When this feature is enabled, it dramatically changes the way the planner works. With goal-seek enabled the simulation attempts solve for one of several typical retirement planning variables. There are some caveats that go with using goal-seek. The first is that you shouldn’t enter a probability higher than 99%. This is because goal-seek stops its search once it hits the target probability. Also, depending on other simulation inputs, there could be multiple solutions that give the same probability and goal-seek may not find the best one. Finally, although unlikely it’s possible for goal-seek to terminate without converging on a solution. If this happens, the simulation will return a probability of success that’s different from the target probability that you specified. To correct this situation, try setting a new starting value for either retirement spending or rate of return and run goal-seek again with the new search seed.
These parameters control a capability in the planner to model what would happen if you return to work when a dramatic drop in your portfolio’s value occurs. Some research indicates that returning to work for a few years following extended periods of portfolio under performance can have a big impact on your retirement plan’s chances for success. To activate this capability, click on the checkbox. The Portfolio Value Trigger is a threshold value that controls when the back-to-work scenario is invoked. In any year following retirement, if the portfolio value falls below this percentage of its value at retirement start, withdrawals from the portfolio are suspended for the number of years specified in the Return to work duration setting.
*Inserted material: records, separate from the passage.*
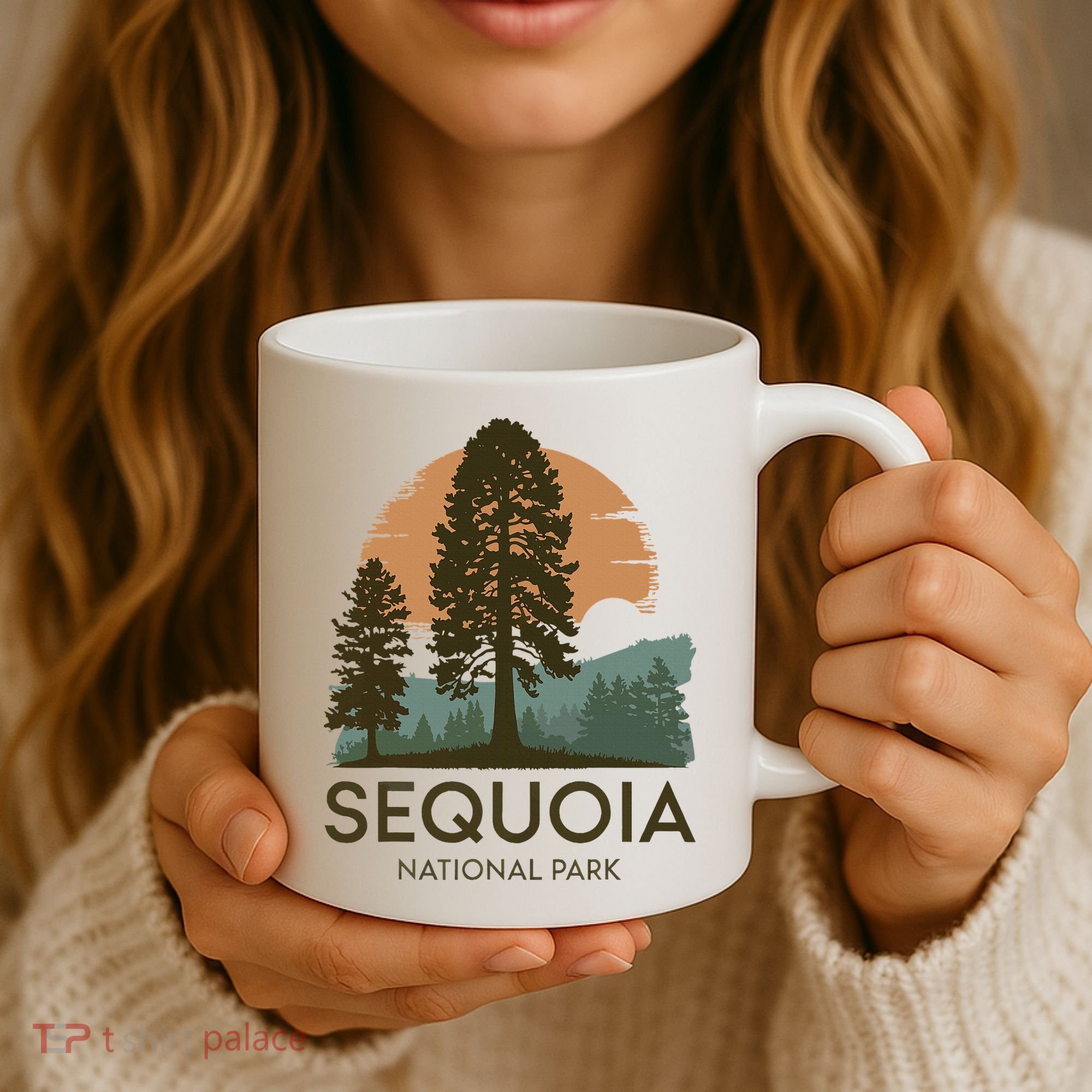 Retro Sequoia National Park Novelty Vacation Tree Minimalist Coffee Mug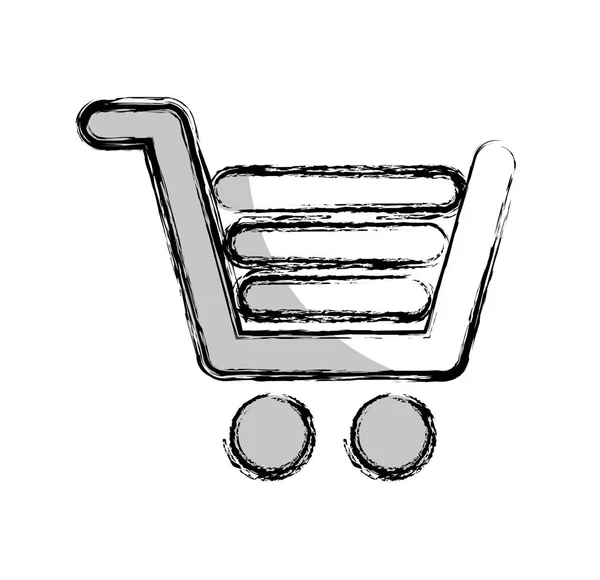 Carrito de compras icono comercial — Vector de stock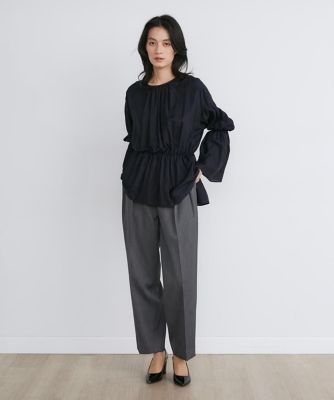 シャーリングギャザーブラウス《ｌａ　ｖｅｉｌｌｅ　ｂｙ　ＳＵＰＥＲＩＯＲ　ＣＬＯＳＥＴ》（７１４０１８２９０２）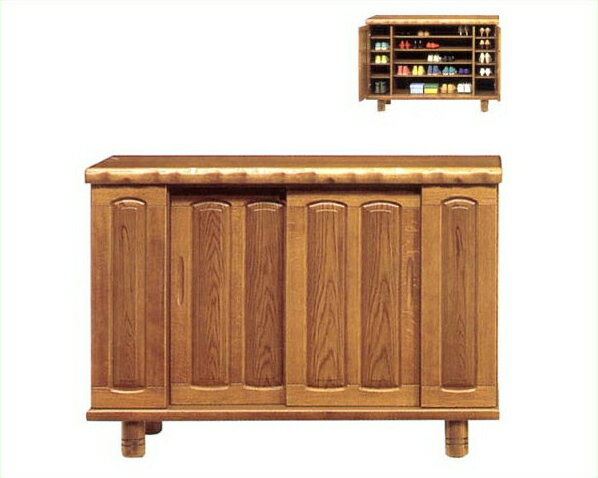 【期間限定10％OFF！12/4 20:00〜12/11 1:59まで】木製下駄箱・シューズボックスT-9シリーズ　幅150cm..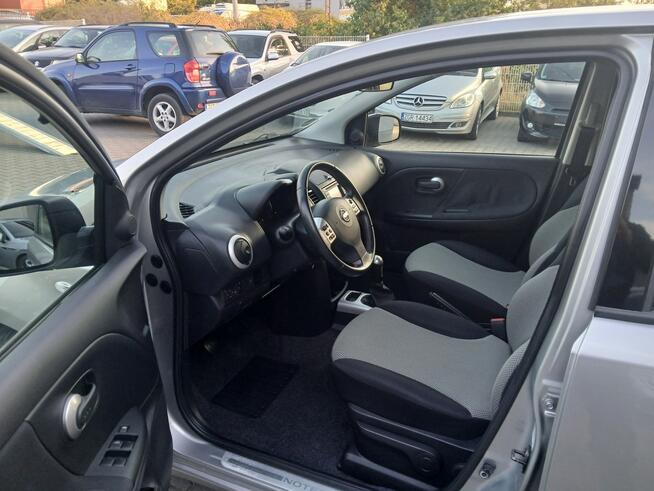Nissan Note 1.6i klima navi alufelgi czujniki stan BDB niski przebieg Gryfino - zdjęcie 9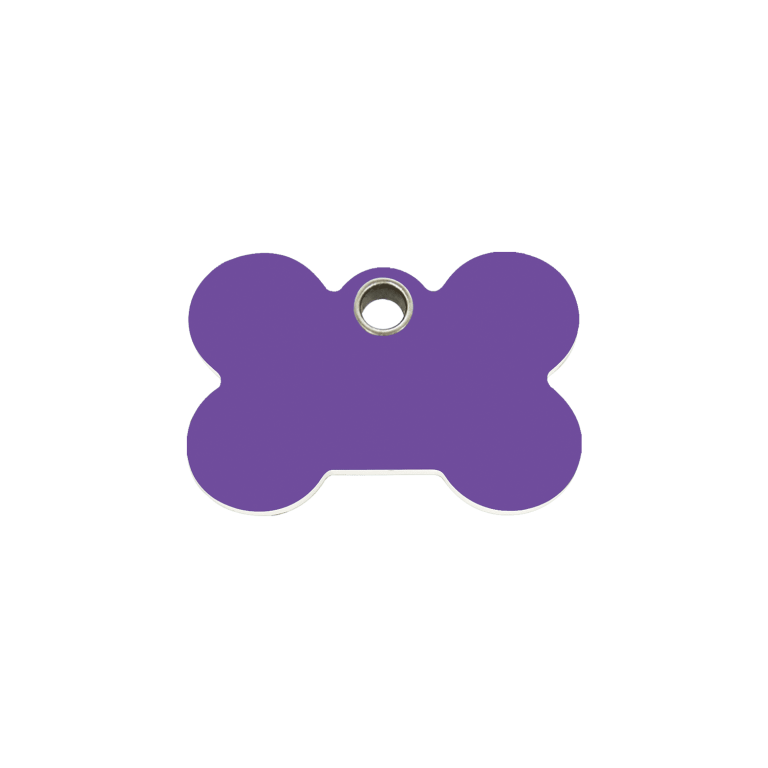 Vue avant - Médaille personnalisée pour chat Red Dingo Os Violet Talla S - 04-BN-PU-SM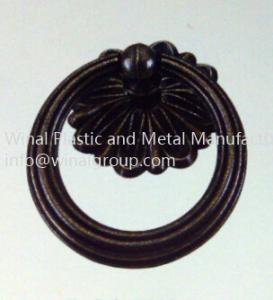 Quality Elegant black plating pull ring handle,furniture ring,L68mm*W48mm.Decor onlays pull ring. for sale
Next, there’s a Max age to work setting to limit the age you might have to work until. The results table at the bottom of the main display shows the probability of having to return to work based on this capability.
There are two caveats about how this back-to-work feature works. The first is that only one back-to-work event will occur in each simulation iteration (for the duration you specify) no matter how many times the portfolio dips below the threshold. The second caveat is that if the back-to-work portfolio threshold is crossed in a year when your age + the back-to-work duration is greater than the Max age to work, the back-to-work logic will not be invoked.
Portfolio withdrawal order and RMD’s
Withdrawals are always attempted from taxable funds first to let tax deferred and tax-free funds can grow unhindered. However, you can select whether the simulation attempts to withdraw from tax-free funds or tax-deferred funds once taxable funds have been depleted.
A final option can be configured to cause the simulation to take Required Minimum Distributions (RMDs) from IRAs and other tax-deferred accounts. When this option is selected, the simulation will withdraw the minimum IRS specified withdrawal percent each year after you reach the age of 70 (in the simulation), based on IRS published life expectancy tables. The funds from the withdrawals are used to pay expenses (and taxes) and any remaining funds are transferred to the taxable portfolio, after taxes are deducted.